**PROBLEM**
The pictures stay out. Please retype every line below exactly.

[Caption-style text data]
★ ★ ★ ★ ★
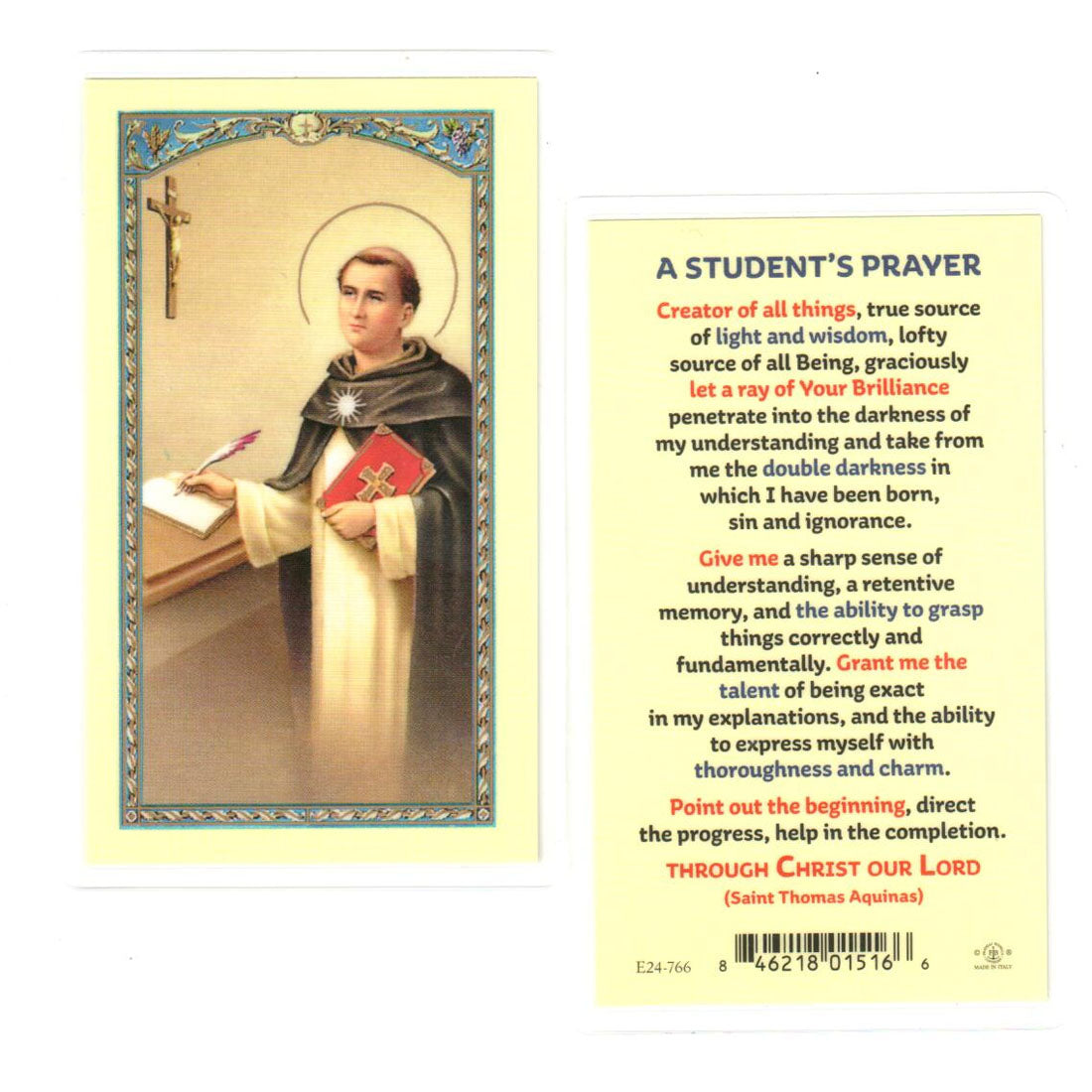 Saint Thomas Aquinas Holy Card - Student Prayer - 800-290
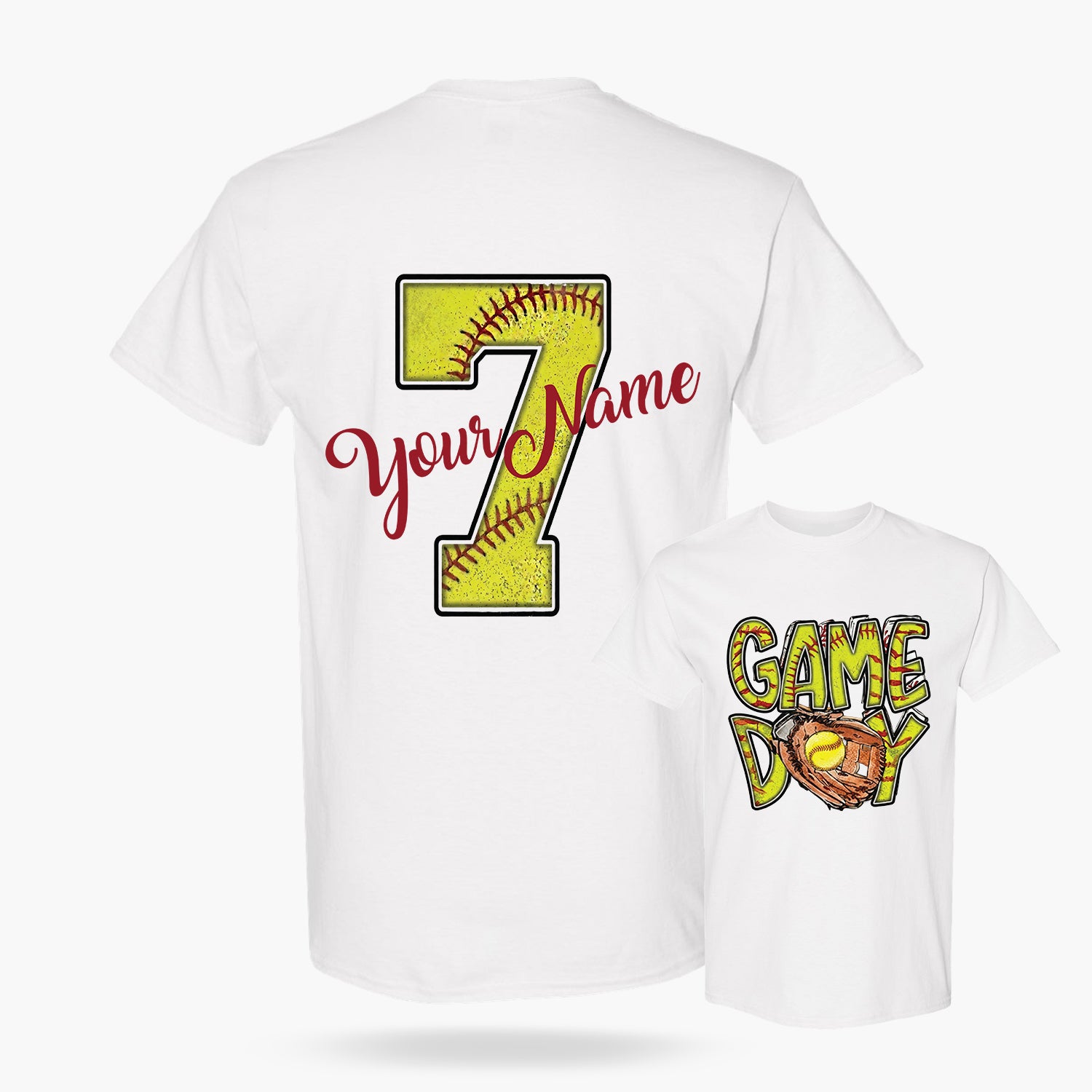 Custom T-Shirt Softball Game Day White - Personalized Name Number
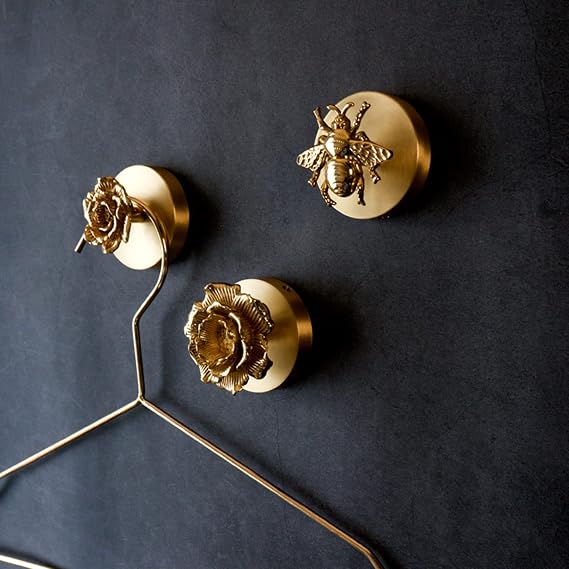 MFYS Brass Bee Wall Hooks Gold Coat Hooks Bedroom Hat Hanger(1, Bee)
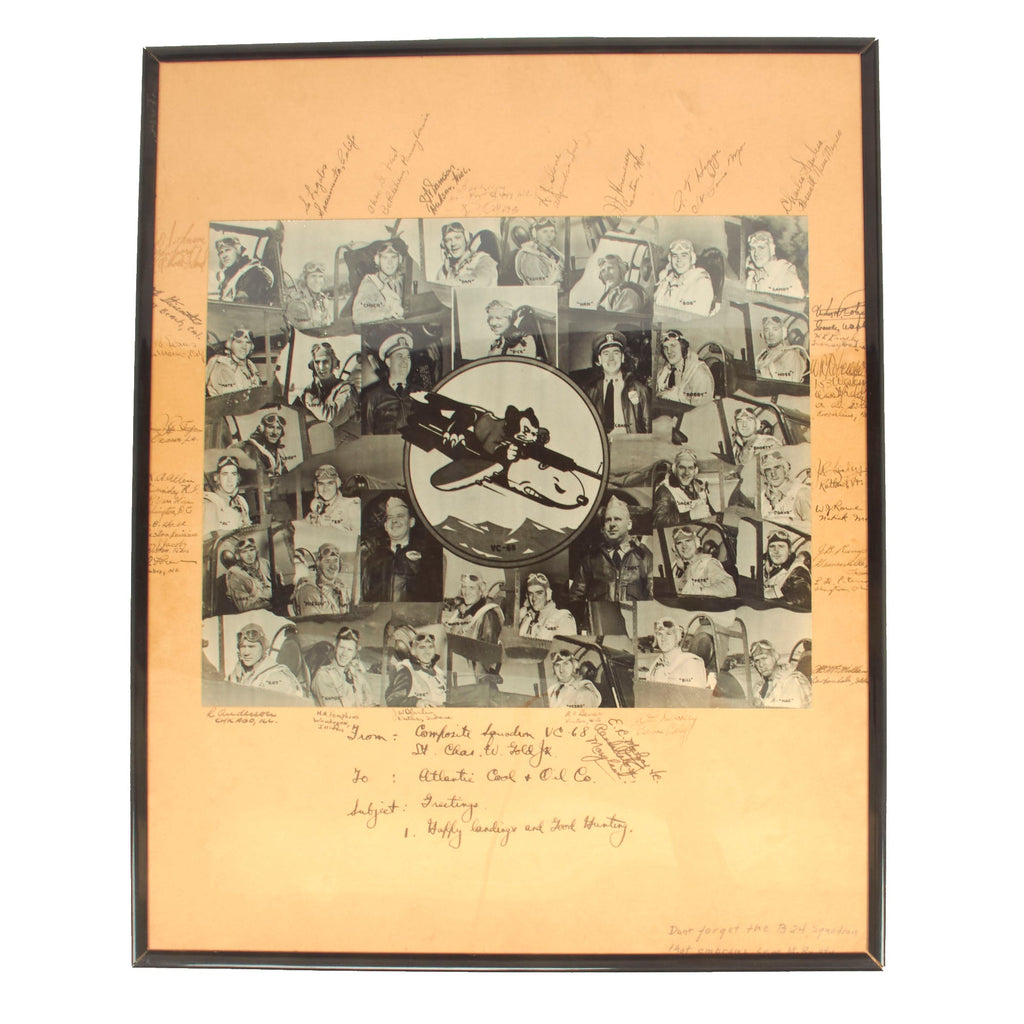 Original U.S. WWII Pilots of US Navy Composite Squadron VC-68 Signed Photograph Presented To Atlantic Oil & Gas Company - 16” x 20” Original Items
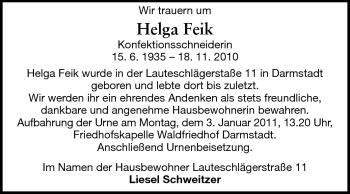 Traueranzeige von Helga Feik von Echo-Zeitungen (Gesamtausgabe)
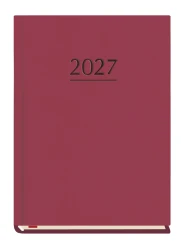 Kalendarz książkowy tygodniowy 2027 Michalczyk i Prokop B6 - wiśniowy (1 tydzień - 2 strony)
★ ★ ★ ★ ★
**WRITTEN RESPONSE**
 Saint Thomas Aquinas Holy Card - Student Prayer - 800-290
 Custom T-Shirt Softball Game Day White - Personalized Name Number
 MFYS Brass Bee Wall Hooks Gold Coat Hooks Bedroom Hat Hanger(1, Bee)
 Original U.S. WWII Pilots of US Navy Composite Squadron VC-68 Signed Photograph Presented To Atlantic Oil & Gas Company - 16” x 20” Original Items
 Traueranzeige von Helga Feik von Echo-Zeitungen (Gesamtausgabe)
 Kalendarz książkowy tygodniowy 2027 Michalczyk i Prokop B6 - wiśniowy (1 tydzień - 2 strony)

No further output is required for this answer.